● TASK TO CARRY OUT
The pictures in the listing below are to be skipped, while the lines between the line holding "Cute & Nude" and the line holding "Used 2016 Kia", inclusive, are to be output exactly.

--- INPUT FOR THIS TASK Enclosed Below ---

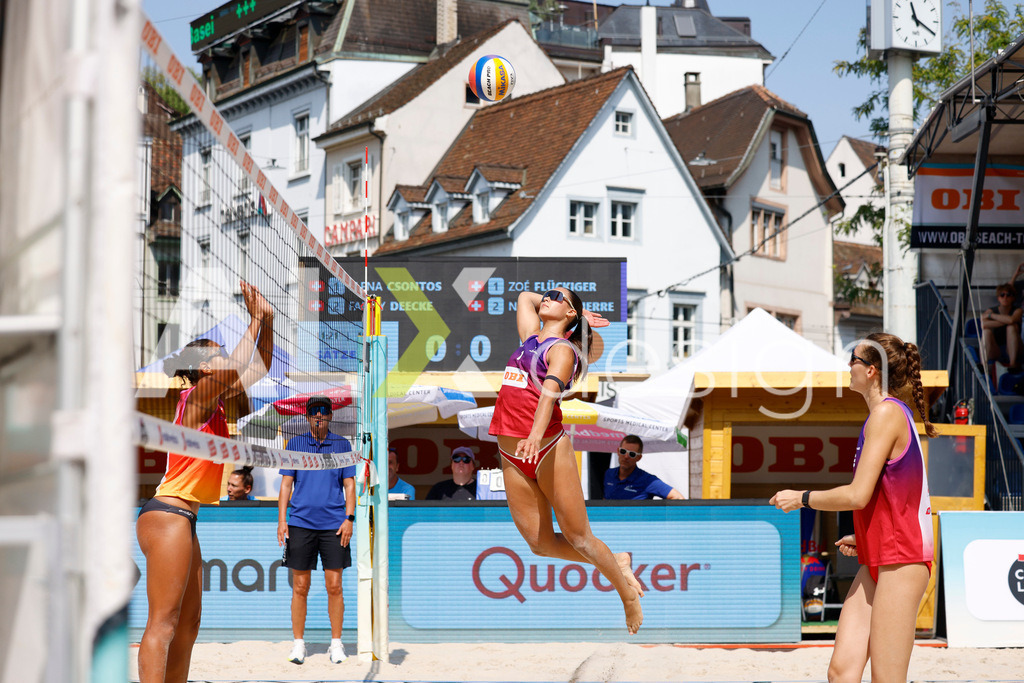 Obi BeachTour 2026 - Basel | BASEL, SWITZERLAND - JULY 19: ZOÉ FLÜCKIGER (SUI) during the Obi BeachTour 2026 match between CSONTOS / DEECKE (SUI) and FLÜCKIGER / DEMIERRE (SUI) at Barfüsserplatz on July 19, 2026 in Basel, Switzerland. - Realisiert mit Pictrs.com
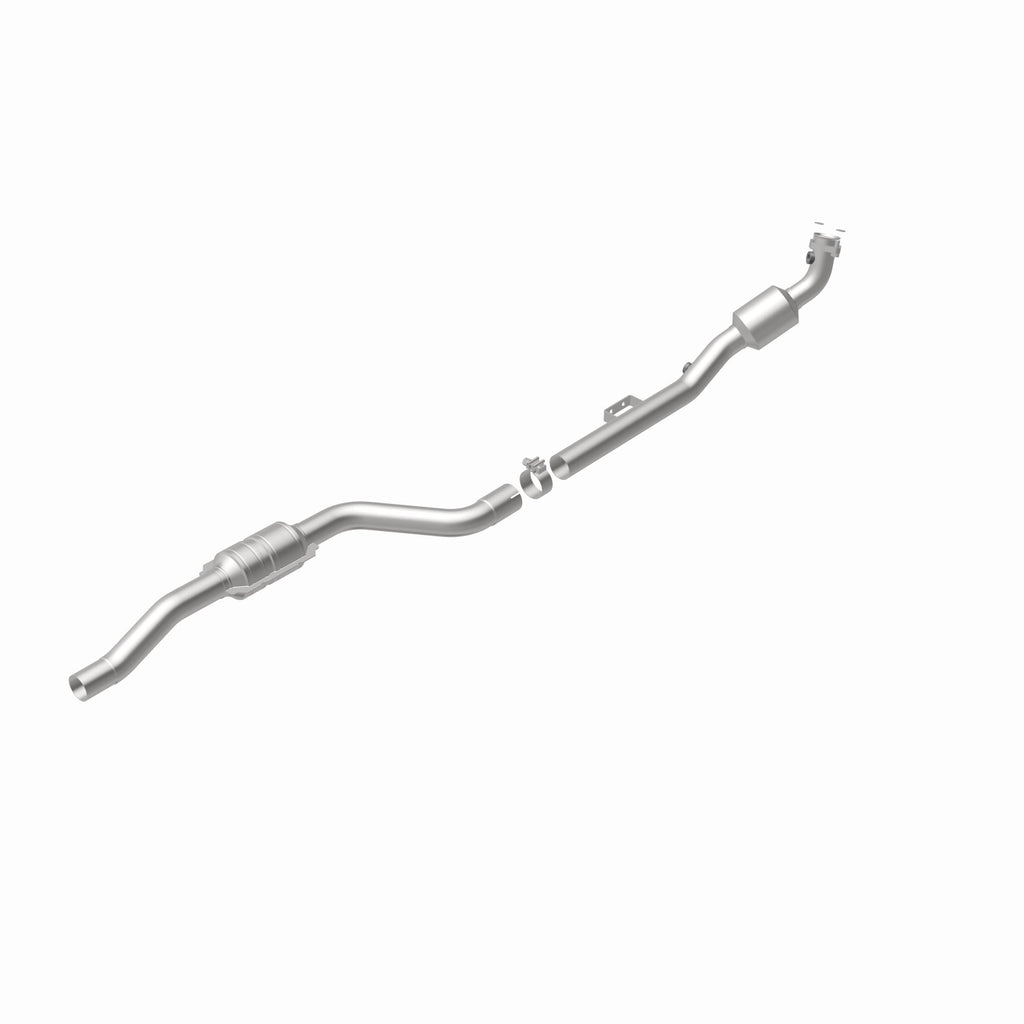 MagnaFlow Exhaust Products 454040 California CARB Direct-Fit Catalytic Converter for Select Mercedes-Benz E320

--- End of Enclosed INPUT FOR THIS TASK ---
--- INPUT FOR THIS TASK Enclosed Below ---

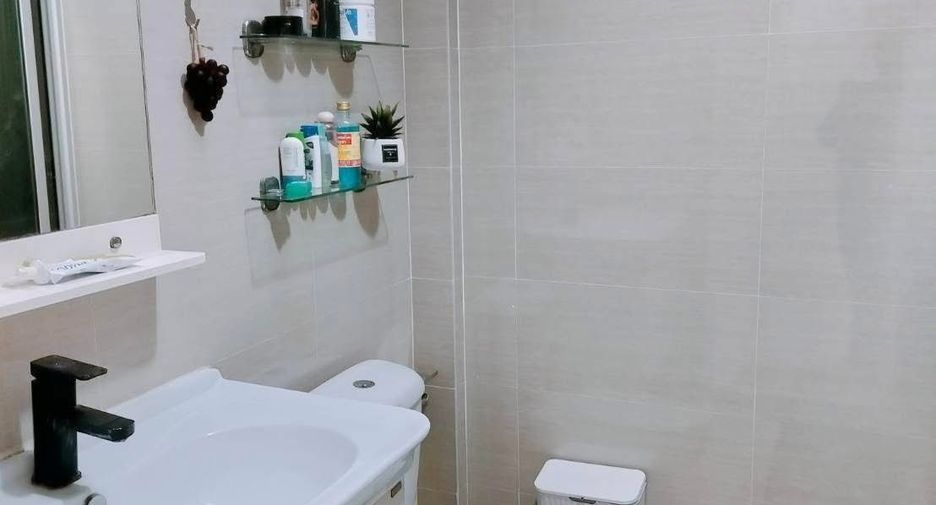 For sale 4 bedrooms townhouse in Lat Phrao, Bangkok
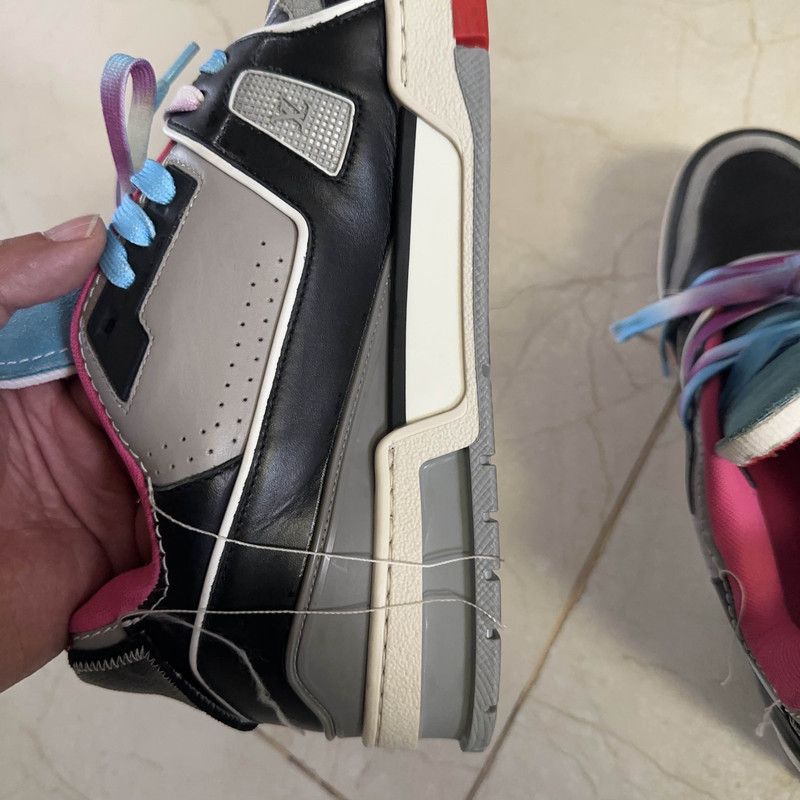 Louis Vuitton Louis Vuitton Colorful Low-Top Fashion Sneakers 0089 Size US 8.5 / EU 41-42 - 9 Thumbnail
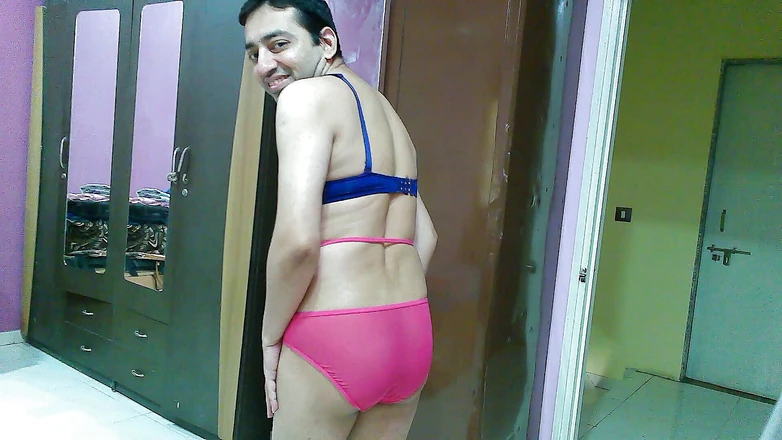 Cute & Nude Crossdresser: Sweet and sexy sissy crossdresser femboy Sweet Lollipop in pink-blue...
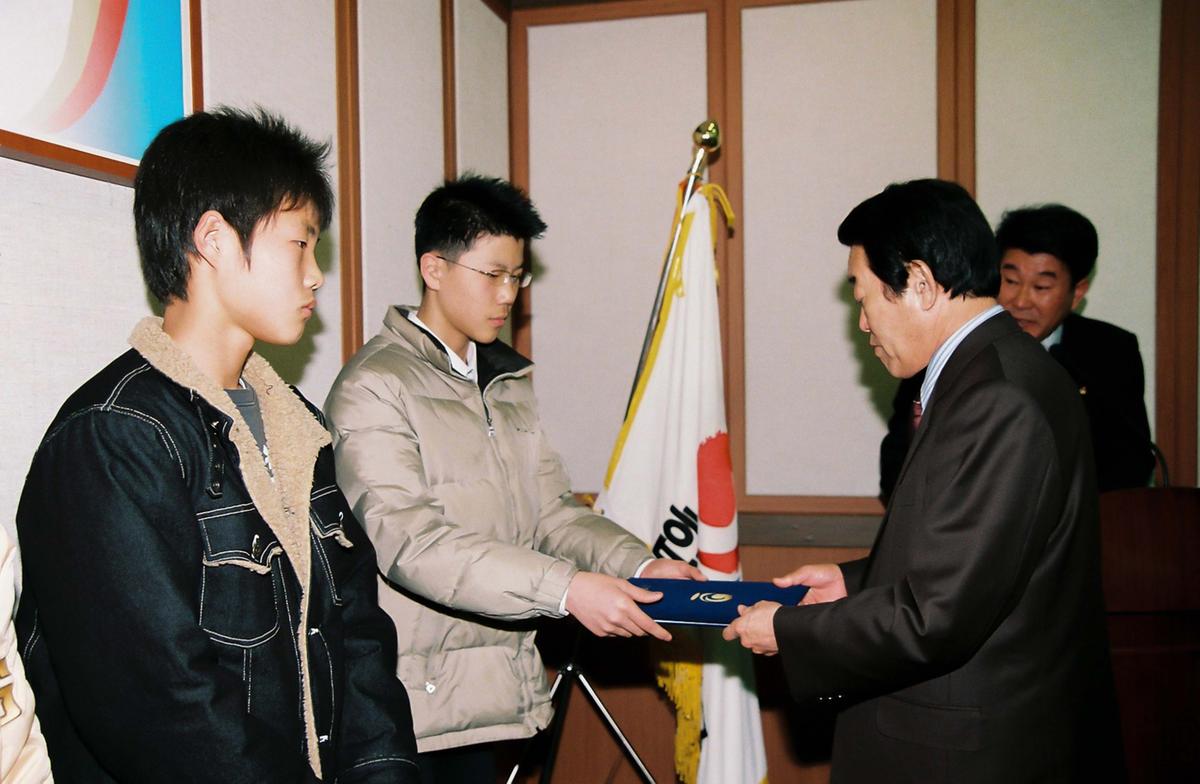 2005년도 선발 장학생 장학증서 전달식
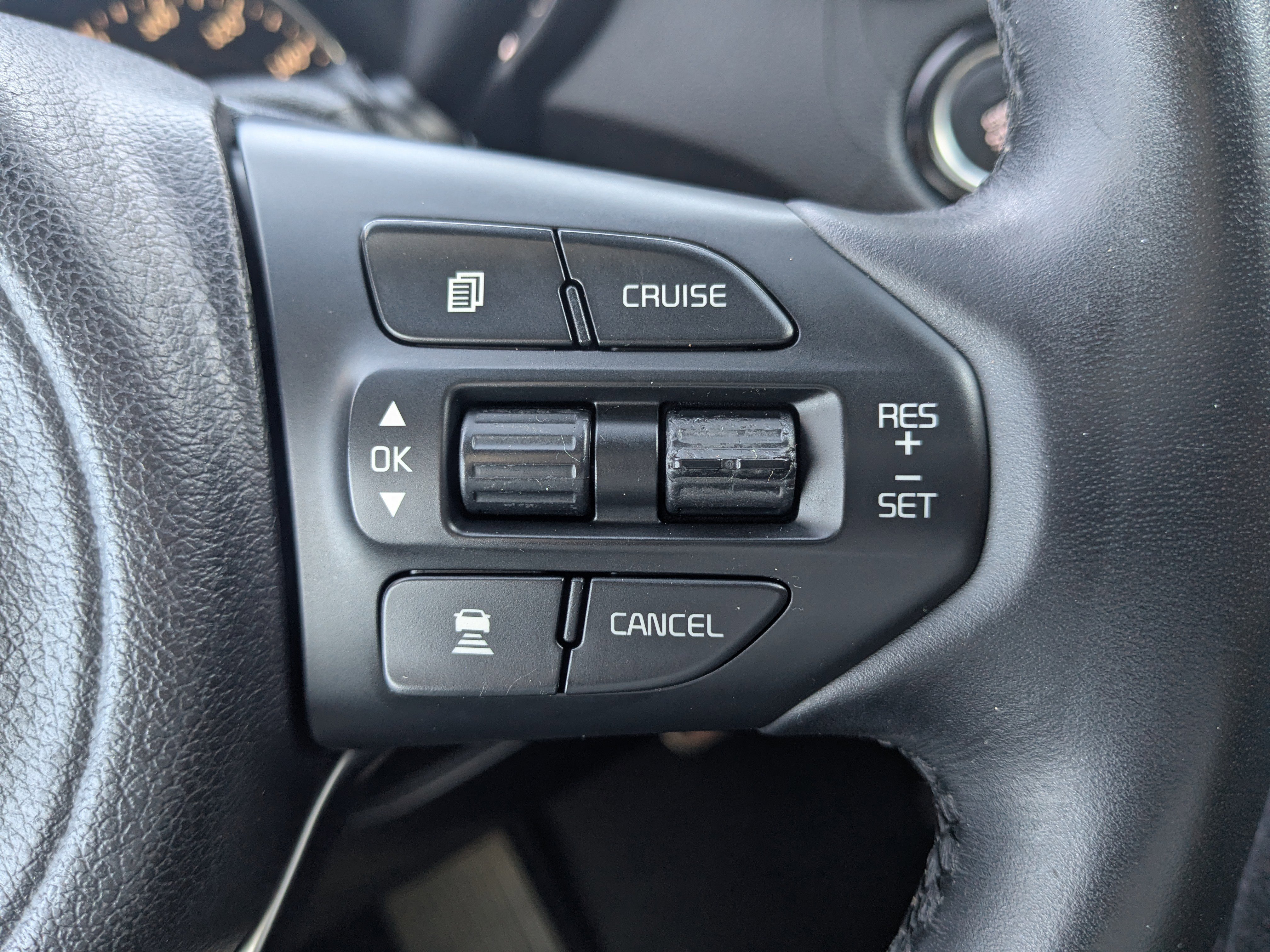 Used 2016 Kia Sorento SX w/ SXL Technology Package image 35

--- End of Enclosed INPUT FOR THIS TASK ---

● ANSWER TO THIS EXERCISE
 Cute & Nude Crossdresser: Sweet and sexy sissy crossdresser femboy Sweet Lollipop in pink-blue...
 2005년도 선발 장학생 장학증서 전달식
 Used 2016 Kia Sorento SX w/ SXL Technology Package image 35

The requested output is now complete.